Surgery would have to be performed in a hospital or doctor's office, and only medical care in a hospital or nursing home would be covered, not care needed in the patient's residence. The number of doctor's visits that would be covered has not yet been determined, but it would be between 30 and 70.
Those who have been hospitalized under some Blue Cross plan before may be interested in knowing that the new plan would include payments for, among other things, anesthesia, radiation treatments, X-rays and laboratory tests.
The announcement said limitations and exclusions will be minimal. This will be interesting to those who, when holding Blue Cross insurance, found that they had to pay almost a third of their hospital bill outside of their insurance coverage. This is a considerable sum for anyone on a limited income.
Whether this Blue Shield-AMA plan is really better and whether it will give more satisfactory care than under the government Social Security system is still not clear, since no real comparison can be made at the moment. But I would like to see a detailed statement of the benefits under each plan, and the cost in each case.
As we discuss methods of providing medical care for the aged, an interesting program of research is being conducted on a hospital setup that would change much that has been done in the past and should make the cost of care much less.

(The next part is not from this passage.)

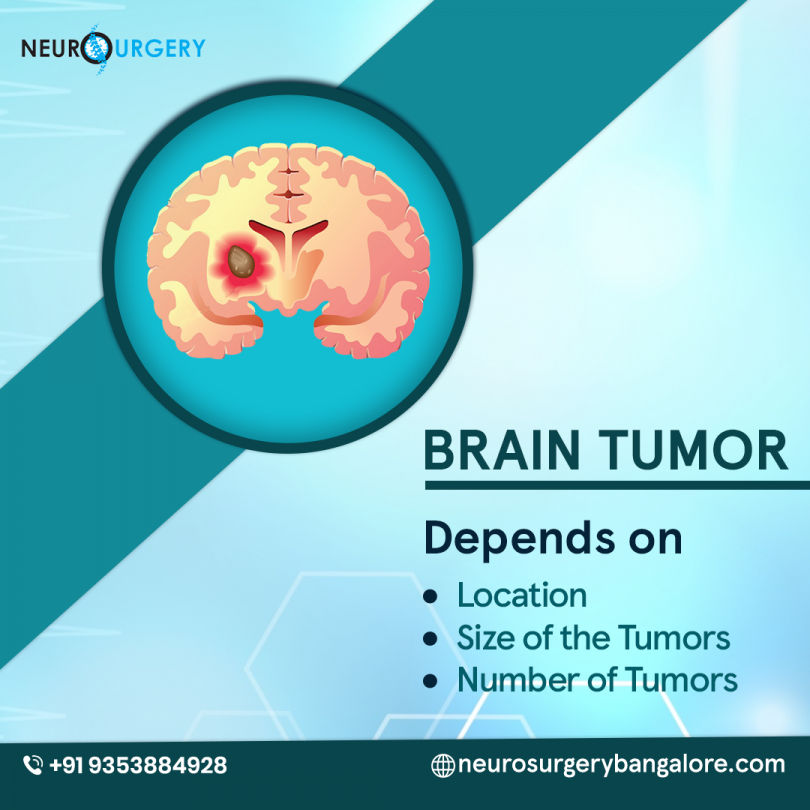 what are the silent symtoms of brain tumor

It was described in an article in the November, 1961, issue of the Modern Hospital. By the end of the year, in Tuskegee, Ala., the first of four prototype atomedic hospitals will be presented for inspection. This is the first step in a program to build a whole electronic hospital, constructed entirely of lightweight electronic material that can be prefabricated and mass produced.
Doctors in the Atomedics Research Center say their purpose is to answer the question, "What is health?"
New scientific developments occur so rapidly that it is hard to keep up with them, and it seems that this plan in Tuskegee will make a real difference in the insurance coverage of medical care for the aged.